* EXERCISE REQUIREMENTS: Wherever a line of the records contains "silver", copy that line.

* Short text fragments from websites:
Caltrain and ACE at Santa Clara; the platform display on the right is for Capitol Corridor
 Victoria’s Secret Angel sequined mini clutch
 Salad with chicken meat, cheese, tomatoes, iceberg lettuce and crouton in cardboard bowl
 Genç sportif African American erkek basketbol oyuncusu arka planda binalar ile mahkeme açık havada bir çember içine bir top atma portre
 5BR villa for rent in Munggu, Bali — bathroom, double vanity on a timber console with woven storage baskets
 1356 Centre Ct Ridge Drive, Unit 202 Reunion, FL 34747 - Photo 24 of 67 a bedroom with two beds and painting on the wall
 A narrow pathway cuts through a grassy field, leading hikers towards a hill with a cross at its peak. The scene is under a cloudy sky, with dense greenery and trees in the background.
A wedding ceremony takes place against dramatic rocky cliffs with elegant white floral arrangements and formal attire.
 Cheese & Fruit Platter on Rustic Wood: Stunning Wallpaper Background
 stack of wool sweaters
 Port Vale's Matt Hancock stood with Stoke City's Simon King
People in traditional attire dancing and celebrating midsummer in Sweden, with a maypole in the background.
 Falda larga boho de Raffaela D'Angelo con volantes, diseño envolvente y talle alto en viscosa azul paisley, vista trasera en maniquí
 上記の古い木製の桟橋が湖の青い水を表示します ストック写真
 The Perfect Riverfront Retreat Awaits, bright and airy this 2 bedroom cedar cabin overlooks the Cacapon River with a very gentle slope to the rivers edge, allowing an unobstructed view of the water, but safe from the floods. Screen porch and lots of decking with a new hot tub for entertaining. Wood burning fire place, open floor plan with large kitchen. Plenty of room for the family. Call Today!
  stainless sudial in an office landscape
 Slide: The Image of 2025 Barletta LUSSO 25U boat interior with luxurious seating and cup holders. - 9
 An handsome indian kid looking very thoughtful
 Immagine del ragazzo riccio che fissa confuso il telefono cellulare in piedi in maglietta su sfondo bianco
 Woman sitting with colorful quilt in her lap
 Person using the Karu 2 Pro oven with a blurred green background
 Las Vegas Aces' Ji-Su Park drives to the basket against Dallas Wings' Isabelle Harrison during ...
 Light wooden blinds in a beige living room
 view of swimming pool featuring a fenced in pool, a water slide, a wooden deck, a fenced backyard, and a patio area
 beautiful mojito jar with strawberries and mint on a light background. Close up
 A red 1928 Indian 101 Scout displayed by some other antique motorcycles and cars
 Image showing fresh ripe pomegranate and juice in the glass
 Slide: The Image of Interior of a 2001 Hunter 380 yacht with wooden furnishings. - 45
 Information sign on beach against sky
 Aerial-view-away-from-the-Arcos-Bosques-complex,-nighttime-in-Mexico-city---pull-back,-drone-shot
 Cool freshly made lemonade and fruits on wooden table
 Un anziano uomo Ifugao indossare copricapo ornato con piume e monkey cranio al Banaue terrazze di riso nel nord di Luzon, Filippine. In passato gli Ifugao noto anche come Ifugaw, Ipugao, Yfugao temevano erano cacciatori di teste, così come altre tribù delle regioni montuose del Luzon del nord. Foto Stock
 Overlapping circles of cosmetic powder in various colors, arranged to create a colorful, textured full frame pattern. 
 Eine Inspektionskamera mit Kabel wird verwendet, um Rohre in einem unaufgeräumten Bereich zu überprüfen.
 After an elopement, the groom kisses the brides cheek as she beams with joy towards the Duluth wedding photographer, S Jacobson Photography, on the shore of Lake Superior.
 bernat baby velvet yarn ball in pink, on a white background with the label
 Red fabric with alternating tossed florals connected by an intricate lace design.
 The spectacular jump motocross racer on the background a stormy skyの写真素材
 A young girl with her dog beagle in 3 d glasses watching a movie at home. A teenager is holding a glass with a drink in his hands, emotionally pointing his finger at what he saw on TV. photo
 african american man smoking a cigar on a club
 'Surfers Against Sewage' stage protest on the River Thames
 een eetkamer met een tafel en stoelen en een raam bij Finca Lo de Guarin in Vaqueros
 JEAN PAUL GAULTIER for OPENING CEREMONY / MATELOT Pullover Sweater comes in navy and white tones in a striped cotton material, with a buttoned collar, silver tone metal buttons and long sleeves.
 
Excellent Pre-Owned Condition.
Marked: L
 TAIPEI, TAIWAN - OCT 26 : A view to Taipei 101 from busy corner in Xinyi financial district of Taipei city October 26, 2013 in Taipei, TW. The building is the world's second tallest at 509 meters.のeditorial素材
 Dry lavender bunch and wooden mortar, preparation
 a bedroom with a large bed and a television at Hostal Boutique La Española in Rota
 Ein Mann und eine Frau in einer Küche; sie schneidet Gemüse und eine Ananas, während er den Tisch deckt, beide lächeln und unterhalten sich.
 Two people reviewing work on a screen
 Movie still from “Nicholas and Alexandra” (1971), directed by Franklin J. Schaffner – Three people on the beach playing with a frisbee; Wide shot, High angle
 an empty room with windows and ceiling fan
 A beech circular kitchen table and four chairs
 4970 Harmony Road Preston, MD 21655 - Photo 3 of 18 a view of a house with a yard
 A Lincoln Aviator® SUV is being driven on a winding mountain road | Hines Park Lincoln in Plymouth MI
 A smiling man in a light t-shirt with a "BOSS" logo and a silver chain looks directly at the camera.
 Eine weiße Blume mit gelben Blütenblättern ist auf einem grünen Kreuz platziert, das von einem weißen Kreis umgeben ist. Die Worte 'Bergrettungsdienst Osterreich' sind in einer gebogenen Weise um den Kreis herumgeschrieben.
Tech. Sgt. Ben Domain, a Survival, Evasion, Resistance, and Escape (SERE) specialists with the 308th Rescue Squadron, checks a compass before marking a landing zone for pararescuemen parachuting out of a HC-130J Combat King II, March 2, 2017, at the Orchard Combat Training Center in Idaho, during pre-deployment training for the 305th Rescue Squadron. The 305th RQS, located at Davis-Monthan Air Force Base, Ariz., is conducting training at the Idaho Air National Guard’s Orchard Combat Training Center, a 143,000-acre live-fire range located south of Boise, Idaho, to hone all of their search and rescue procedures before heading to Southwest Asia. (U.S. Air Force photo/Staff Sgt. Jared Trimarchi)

* EXERCISE RESPONSE:
 JEAN PAUL GAULTIER for OPENING CEREMONY / MATELOT Pullover Sweater comes in navy and white tones in a striped cotton material, with a buttoned collar, silver tone metal buttons and long sleeves.
 A smiling man in a light t-shirt with a "BOSS" logo and a silver chain looks directly at the camera.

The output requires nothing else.